A New Exhibit at the Shrine Museum Explores the Role of Relics in Faith
As home to the largest sacred relic in New York City, St. Frances Cabrini Shrine greets many devoted visitors who arrive with the intention of drawing closer to Mother Cabrini both physically and spiritually.
We also greet Catholics who wander in not knowing much about Mother Cabrini. Many have never been near relics before, and don’t know what the Church teaches about them. Some feel a bit awkward because they don’t know what they are “supposed” to do.
The Shrine also has many non-Catholic neighbors who are more than a little puzzled by the whole idea of keeping relics on display.
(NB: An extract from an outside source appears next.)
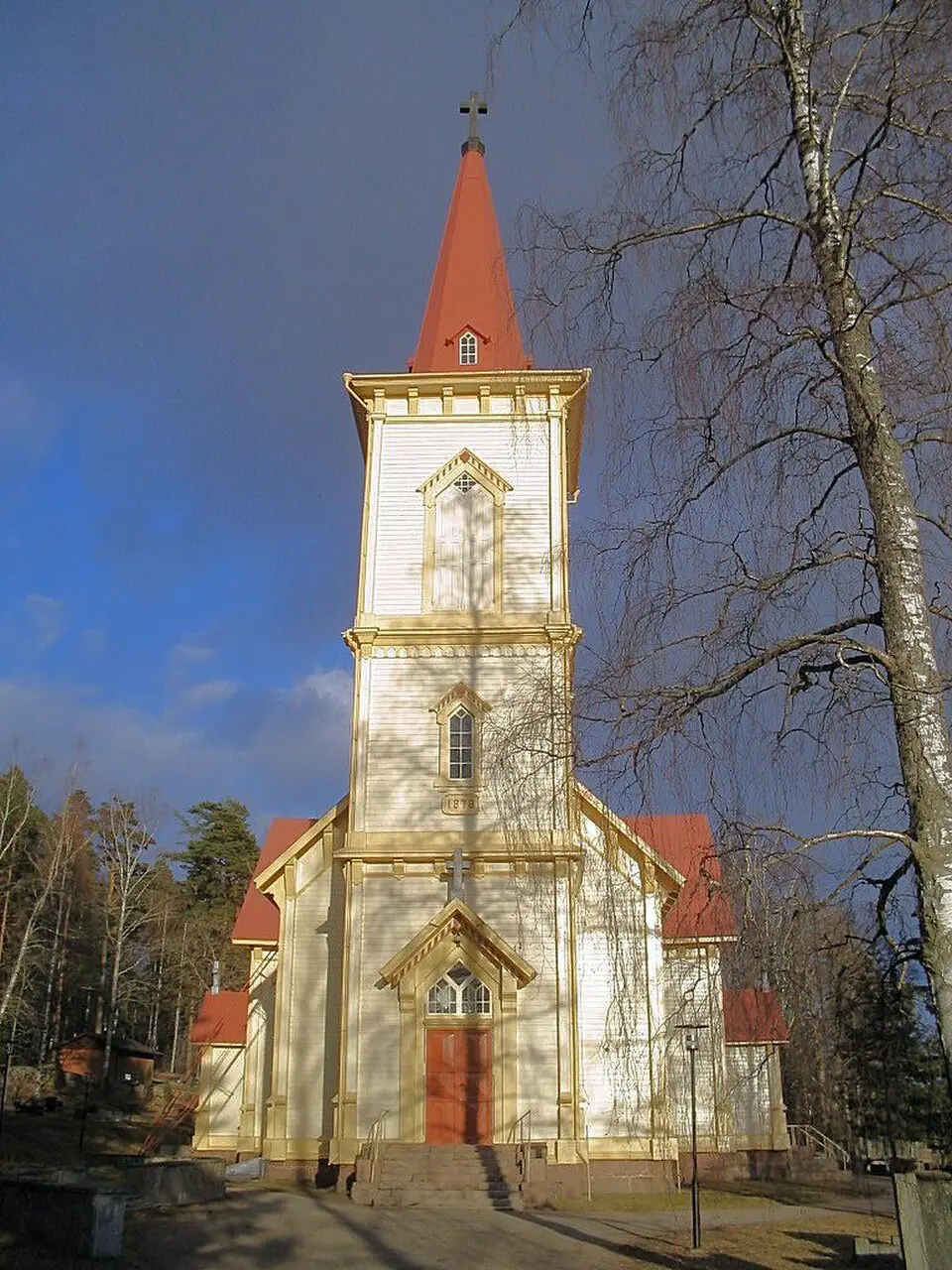 Bild: Niera · CC BY-SA 3.0 Kymenlaakso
So why do Catholics venerate the relics of saints? Is the practice superstitious, Biblical, a pious tradition, or something else? A new exhibit at the Shrine is designed to clear up confusion and educate curious minds on the fascinating role sacred relics have played in Christian faith over the centuries.
We begin by examining the Biblical roots of the practice, and look at what the Church Fathers had to say about it. From there we delve into how the Catholic Church authenticates relics today. There’s a section on apologetics (do Catholics worship saints? how can you pray to someone who’s dead?), and some fun history on the “translation” of Mother Cabrini to the Shrine.
The centerpiece, however, is more than 20 first-class relics from the collection of the Missionary Sisters of the Sacred Heart of Jesus respectfully presented for public veneration.
We encourage you to stop in to linger and learn. The exhibit will be on display through March 31 in the Shrine’s museum, which is open whenever the Shrine is open.